» **Exercise**
Of the records that follow, copy only the lines from the line containing "200X MASTERS OF" to the line containing "Phil Simms New", both included, exactly as written.

» **Data for this exercise**
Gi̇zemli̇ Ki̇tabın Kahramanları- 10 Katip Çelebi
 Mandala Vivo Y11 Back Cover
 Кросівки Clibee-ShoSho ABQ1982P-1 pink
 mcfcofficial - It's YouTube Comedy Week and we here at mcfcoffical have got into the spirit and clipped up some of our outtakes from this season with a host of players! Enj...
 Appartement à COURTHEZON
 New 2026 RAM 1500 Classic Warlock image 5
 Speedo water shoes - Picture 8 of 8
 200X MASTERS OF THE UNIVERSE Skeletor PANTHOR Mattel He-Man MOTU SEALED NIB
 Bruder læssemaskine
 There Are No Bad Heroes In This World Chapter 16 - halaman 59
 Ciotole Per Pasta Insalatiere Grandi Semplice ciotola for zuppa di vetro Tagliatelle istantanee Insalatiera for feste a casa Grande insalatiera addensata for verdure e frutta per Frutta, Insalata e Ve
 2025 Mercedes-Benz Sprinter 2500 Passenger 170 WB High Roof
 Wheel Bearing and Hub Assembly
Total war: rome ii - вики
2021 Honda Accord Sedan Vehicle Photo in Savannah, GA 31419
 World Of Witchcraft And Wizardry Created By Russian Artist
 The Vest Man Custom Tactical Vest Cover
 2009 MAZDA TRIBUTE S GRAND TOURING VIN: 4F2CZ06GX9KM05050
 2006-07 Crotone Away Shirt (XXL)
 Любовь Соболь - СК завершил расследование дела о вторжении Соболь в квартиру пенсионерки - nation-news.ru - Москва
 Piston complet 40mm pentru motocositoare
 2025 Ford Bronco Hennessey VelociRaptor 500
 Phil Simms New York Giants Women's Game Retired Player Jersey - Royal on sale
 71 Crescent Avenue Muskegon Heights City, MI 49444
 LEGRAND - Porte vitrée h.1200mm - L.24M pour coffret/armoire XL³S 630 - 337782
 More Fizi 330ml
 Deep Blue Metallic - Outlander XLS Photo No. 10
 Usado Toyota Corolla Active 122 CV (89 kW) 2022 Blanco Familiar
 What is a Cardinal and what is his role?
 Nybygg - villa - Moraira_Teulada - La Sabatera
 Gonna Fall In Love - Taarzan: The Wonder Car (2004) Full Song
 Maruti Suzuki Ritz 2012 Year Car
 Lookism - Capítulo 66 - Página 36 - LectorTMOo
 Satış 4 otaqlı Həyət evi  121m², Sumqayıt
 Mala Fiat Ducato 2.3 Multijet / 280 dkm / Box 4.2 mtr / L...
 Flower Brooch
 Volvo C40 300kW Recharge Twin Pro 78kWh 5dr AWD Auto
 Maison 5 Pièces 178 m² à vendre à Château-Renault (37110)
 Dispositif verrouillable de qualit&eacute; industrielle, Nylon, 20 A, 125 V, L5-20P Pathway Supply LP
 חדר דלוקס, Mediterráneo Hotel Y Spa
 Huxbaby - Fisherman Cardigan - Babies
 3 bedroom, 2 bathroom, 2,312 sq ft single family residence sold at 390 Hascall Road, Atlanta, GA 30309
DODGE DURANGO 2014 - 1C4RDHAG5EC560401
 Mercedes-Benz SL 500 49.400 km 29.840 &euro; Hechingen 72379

» **Result of the exercise**
 200X MASTERS OF THE UNIVERSE Skeletor PANTHOR Mattel He-Man MOTU SEALED NIB
 Bruder læssemaskine
 There Are No Bad Heroes In This World Chapter 16 - halaman 59
 Ciotole Per Pasta Insalatiere Grandi Semplice ciotola for zuppa di vetro Tagliatelle istantanee Insalatiera for feste a casa Grande insalatiera addensata for verdure e frutta per Frutta, Insalata e Ve
 2025 Mercedes-Benz Sprinter 2500 Passenger 170 WB High Roof
 Wheel Bearing and Hub Assembly
Total war: rome ii - вики
2021 Honda Accord Sedan Vehicle Photo in Savannah, GA 31419
 World Of Witchcraft And Wizardry Created By Russian Artist
 The Vest Man Custom Tactical Vest Cover
 2009 MAZDA TRIBUTE S GRAND TOURING VIN: 4F2CZ06GX9KM05050
 2006-07 Crotone Away Shirt (XXL)
 Любовь Соболь - СК завершил расследование дела о вторжении Соболь в квартиру пенсионерки - nation-news.ru - Москва
 Piston complet 40mm pentru motocositoare
 2025 Ford Bronco Hennessey VelociRaptor 500
 Phil Simms New York Giants Women's Game Retired Player Jersey - Royal on sale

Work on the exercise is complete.